CodePudding user response:
This can be done with Common Table Expressions
uilizing the OVER
Clause
as in the following query:
WITH
RatesWithBegin AS
(
SELECT RateGroup, Rate, DueDate,
CASE
WHEN Rate = LAG(Rate) OVER (PARTITION BY RateGroup ORDER BY DueDate)
THEN 0
ELSE 1
END AS IsBegin
FROM Rates
),
RatesFromTo AS
(
SELECT RateGroup, Rate, DueDate AS StartDate,
LEAD (DATEADD(day, -1, DueDate)) OVER
(
PARTITION BY RateGroup
ORDER BY DueDate
) AS EndDate,
SUM (IsBegin) OVER
(
PARTITION BY RateGroup
ORDER BY DueDate
ROWS UNBOUNDED PRECEDING
) AS RangeID
FROM RatesWithBegin
)
SELECT RateGroup, MAX(Rate) AS Rate, MIN(StartDate) AS StartDate,
NULLIF(MAX(COALESCE(EndDate, '99990101')), '99990101') AS EndDate
FROM RatesFromTo
GROUP BY RateGroup, RangeID
ORDER BY RateGroup, StartDate;
How does it work?
RatesWithBegin AS
(
SELECT RateGroup, Rate, DueDate,
CASE
WHEN Rate = LAG(Rate) OVER (PARTITION BY RateGroup ORDER BY DueDate)
THEN 0
ELSE 1
END AS IsBegin
FROM Rates
),
Here we are using LAG()
to compare the current rate to it's predecessor. PARTITION BY RateGroup
makes sure that we don't
mix rate groups and ORDER BY DueDate
determines the order at which we look at the rows.

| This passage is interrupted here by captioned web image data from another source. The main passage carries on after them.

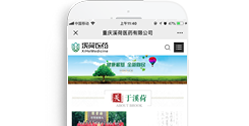 重慶溪荷醫藥有限責任公司【手機版】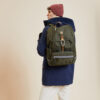 Faguo Level Up Syn Woven Navy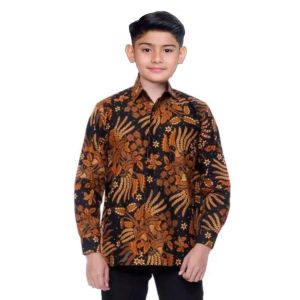 Baju anak perempuan dan laki laki usia 2-10thn pakaian anak kebaya anak baju pesta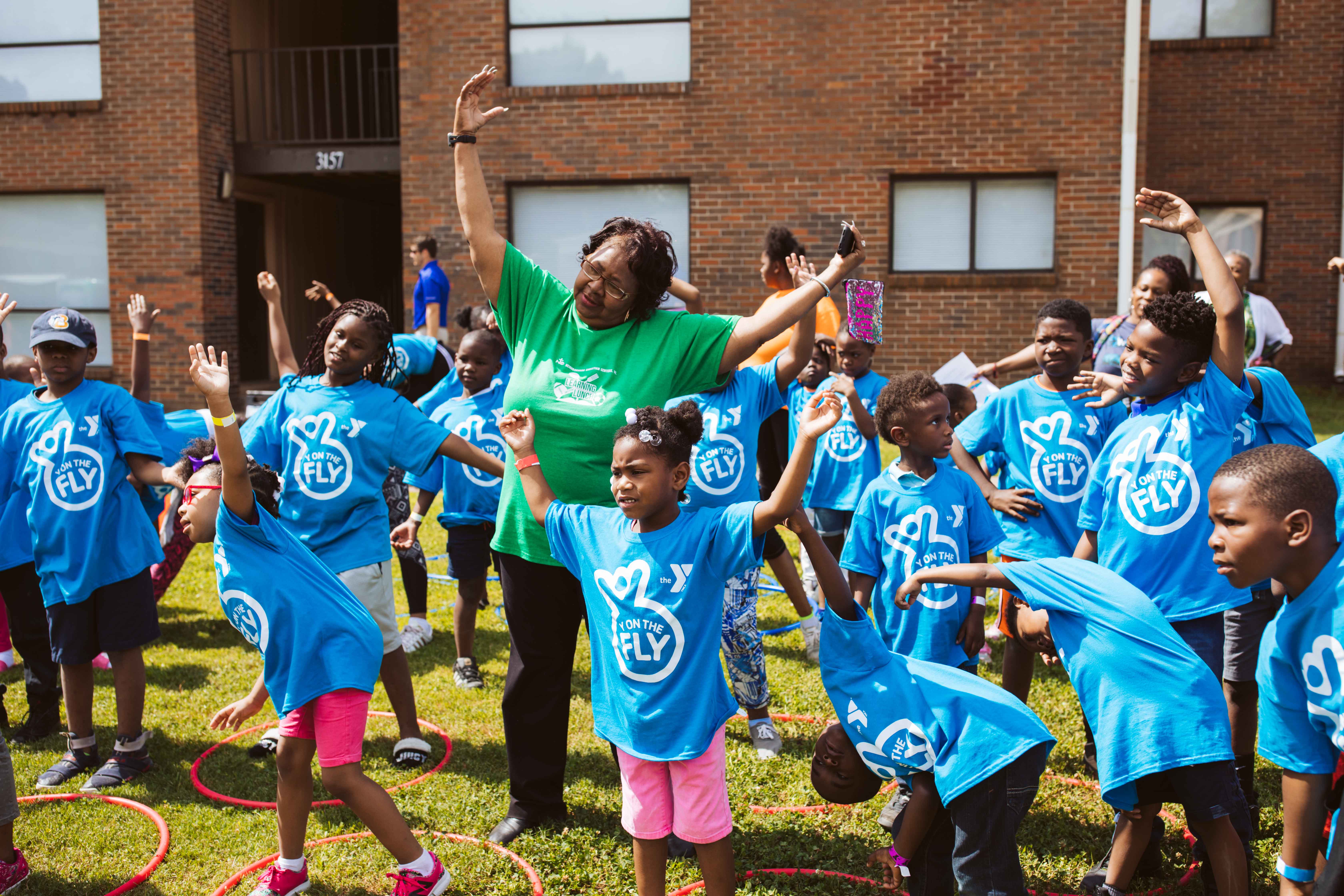 YMCA of Memphis & the Mid-South
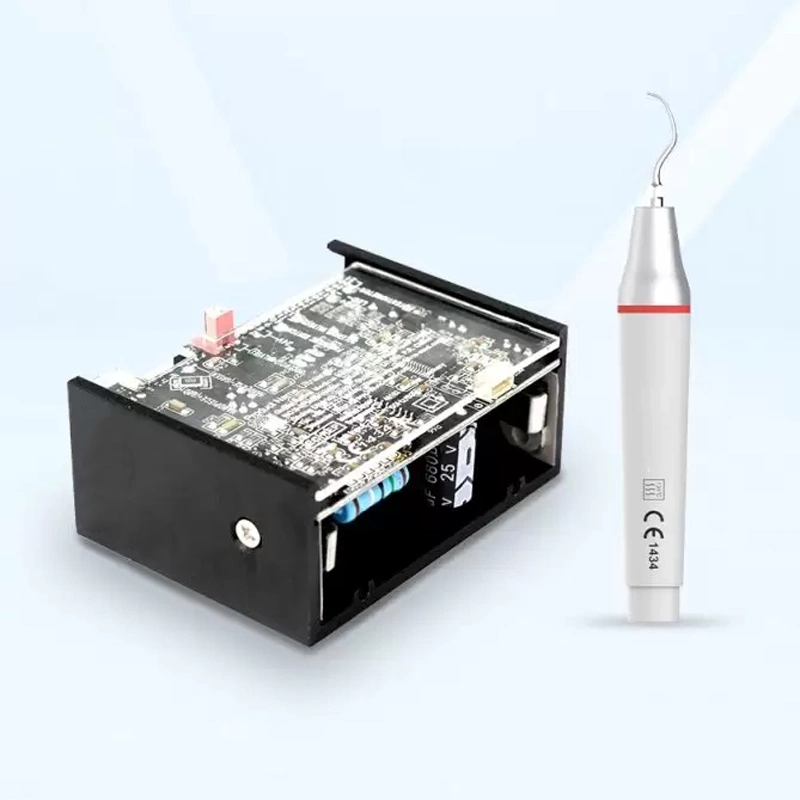 Dental Digital Mobile Built in Ultrasonic Scaler Compatible with EMS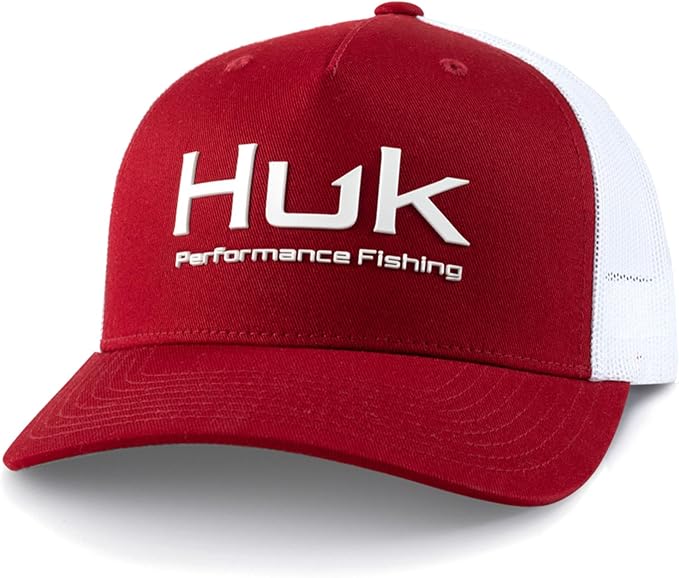 Mens Trucker Hat, Anti-Glare Snapback Fishing Hat for Men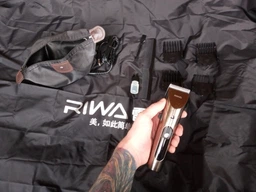 Машинка для стрижки Xiaomi Riwa RE-6305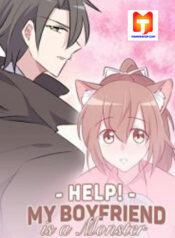 Help! My boyfriend is a monster 1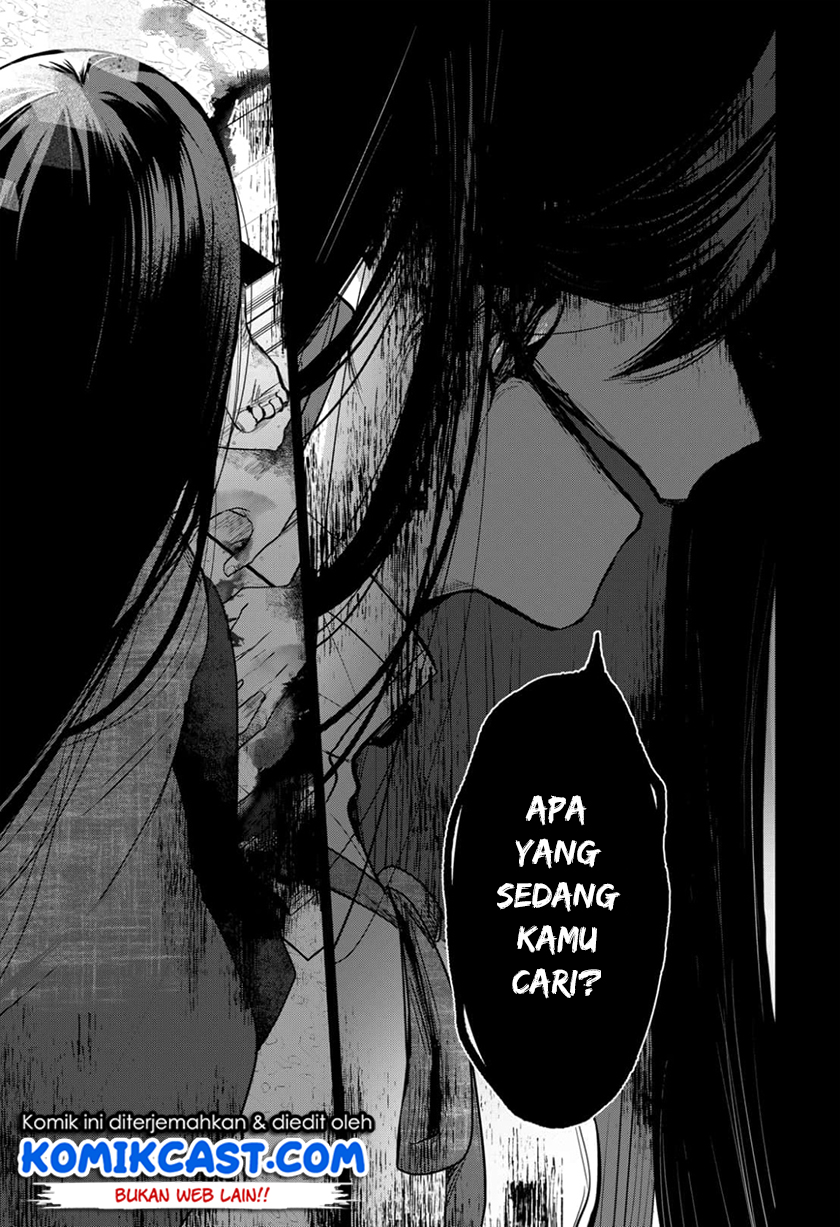 Kuchi ga Saketemo Kimi ni wa Chapter 38 - halaman 4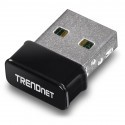 USB WiFi ja Bluetooth adapter Trendnet Micro N150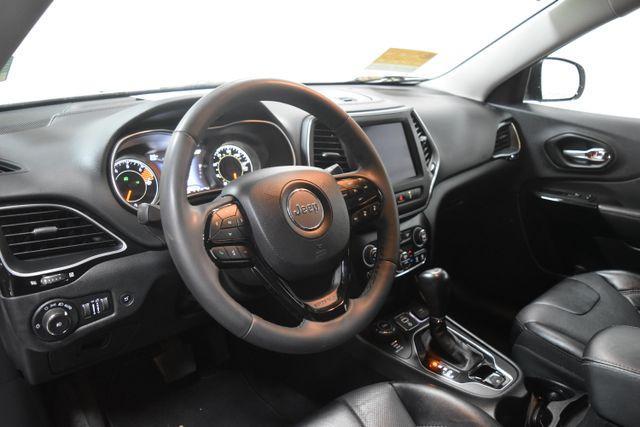 used 2023 Jeep Cherokee car, priced at $26,461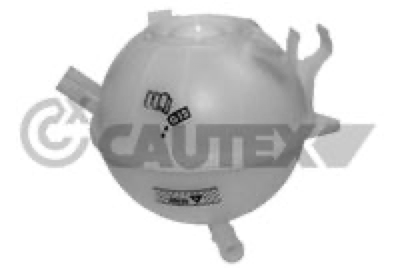 CAUTEX - DEPOSITO Liquido Refrig.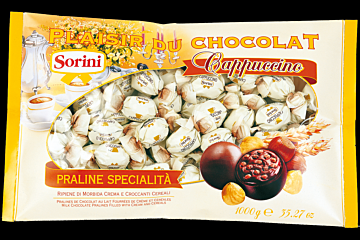 Sorini cappuccino bonbon psv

If the current rate is equal to it's predecessor we mark the row with a 0 otherwise witha 1. The result of this CTE would look like so for the first rate group:
RateGroup | Rate | DueDate | IsBegin |
---|---|---|---|
1 | 1.20 | 2021-01-01 | 1 |
1 | 1.20 | 2021-02-15 | 0 |
1 | 1.50 | 2021-02-16 | 1 |
1 | 1.20 | 2021-05-01 | 1 |
0 and 1 are no arbitrary values; they are needed for the next step.
RatesFromTo AS
(
SELECT RateGroup, Rate, DueDate AS StartDate,
LEAD (DATEADD(day, -1, DueDate)) OVER
(
PARTITION BY RateGroup
ORDER BY DueDate
) AS EndDate,
SUM (IsBegin) OVER
(
PARTITION BY RateGroup
ORDER BY DueDate
ROWS UNBOUNDED PRECEDING
) AS RangeID
FROM RatesWithBegin
)
In this CTE we build a running total over the IsBegin
column with
SUM()
. Due to the value being 1 at the start
of a new range and 0 within a range our running total increments always at the begin of a new
range. This leads to an uniqe number for each range.
With LEAD()
we add
the day before the next due date in our range to the output. The result of this step for the first rate group is then:
RateGroup | Rate | StartDate | EndDate | RangeID |
---|---|---|---|---|
1 | 1.20 | 2021-01-01 | 2021-02-14 | 1 |
1 | 1.20 | 2021-02-15 | 2021-02-15 | 1 |
1 | 1.50 | 2021-02-16 | 2021-04-30 | 2 |
1 | 1.20 | 2021-05-01 | NULL | 3 |
SELECT RateGroup, MAX(Rate) AS Rate, MIN(StartDate) AS StartDate,
NULLIF(MAX(COALESCE(EndDate, '99990101')), '99990101') AS EndDate
FROM RatesFromTo
GROUP BY RateGroup, RangeID
ORDER BY RateGroup, StartDate;
Now that we have an unique identifier (RangeID
) for the date ranges we can do a simple
aggregation with GROUP BY
to get our desired result. Since the ranges can be open ended
(no next due date) we use
NULLIF(MAX(COALESCE(EndDate, '99990101')), '99990101')
to make sure that NULL
is always treated as the latest possible date.